ひょっとしたら、そんな境地で指揮台に立たれていたのかもしれません。
2024年末での引退を表明している指揮者の井上道義さん。
私はこの日の公演が、実演にふれる最後の機会。
12/30の読売日本交響楽団との正真正銘の引退公演を聴きに行くか迷ったものの、井上道義さんの公演をそこまで熱心に聴き続けてきたわけではない私が、万が一、本当のファンの方たちの席を奪うことになったら嫌だと思って、そちらは遠慮しました。
ただ、井上道義さんといえば、やはりショスタコーヴィチ(Dmitri Shostakovich, 1906-1975)。

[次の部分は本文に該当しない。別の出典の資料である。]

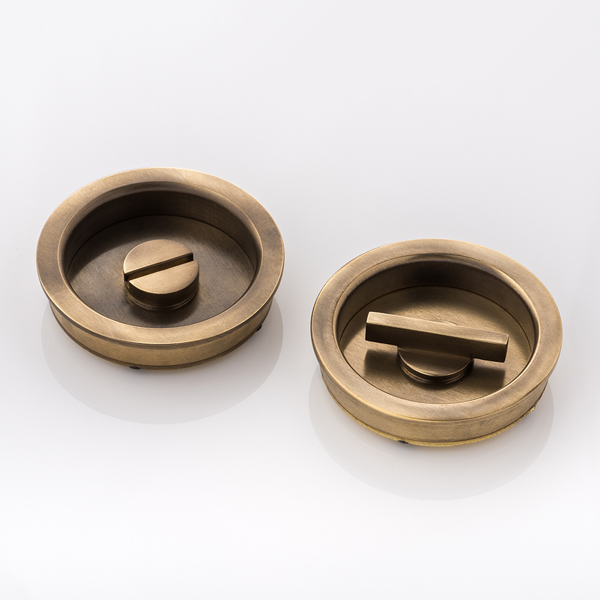 Round solid brass recessed pull with privacy turn/release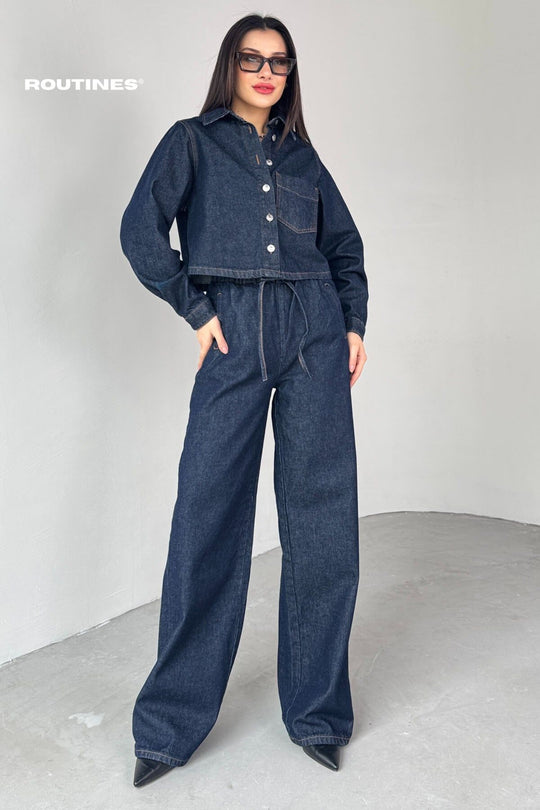 Routines Two Piece Denim Jogger Set 0185 Set Routines Fashion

実演で井上道義さんの指揮するショスタコーヴィチを聴いたことがない私は、この新日本フィルとの公演を最後のコンサートに選びました。
当日のプログラム
2024/11/16(土)
14:00@すみだトリフォニーホール
ショスタコーヴィチ:交響曲第7番ハ長調「レニングラード」
井上道義(指揮)
新日本フィルハーモニー交響楽団
円満な響き
ホールのオルガン両脇に、ホルンやトランペットといった金管楽器群がバンダで配置された布陣。
その壮観なオーケストラ配置をみると、ものすごい演奏が始まりそうな印象でしたが、実際には、意外なくらいおさえた表情で「レニングラード」交響曲は開始されました。
そこには、たとえば、昔、巨匠トスカニーニが取りつかれたように指揮した「レニングラード」の熱量や、多くの指揮者たちが聴かせてきた強い訴えかけのようなものは、あまり聴き取れません。
♪ショスタコーヴィチ:
交響曲第7番「レニングラード」
アルトゥーロ・トスカニーニ(指揮)
NBC交響楽団
( Apple Music ・ Amazon Music ・ Spotify ・ Line Music などで聴けます)
「人間の主題」と呼ばれる冒頭の旋律を、より人間的な温かさでもって表現しようとしている表れだったのかもしれませんが、それ以降の箇所を聴いてみても、井上道義さんはオーケストラをリードするというより、オーケストラの自発性を尊重し、まるで親が成長した我が子を見守っているかのような指揮に見えました。
その姿は、ちょっとノスタルジックでさえ、あったかもしれません。
ゴジラのような
オーケストラの自由度を高め、かなり任せたような指揮ぶりだったこともあり、音楽の音量があがってきて、全体のコントロールが必要な場面になると井上さんのコントロールも強まって、つまりは、大きな音量のときに音楽的な濃度も高まる、というような印象を受けました。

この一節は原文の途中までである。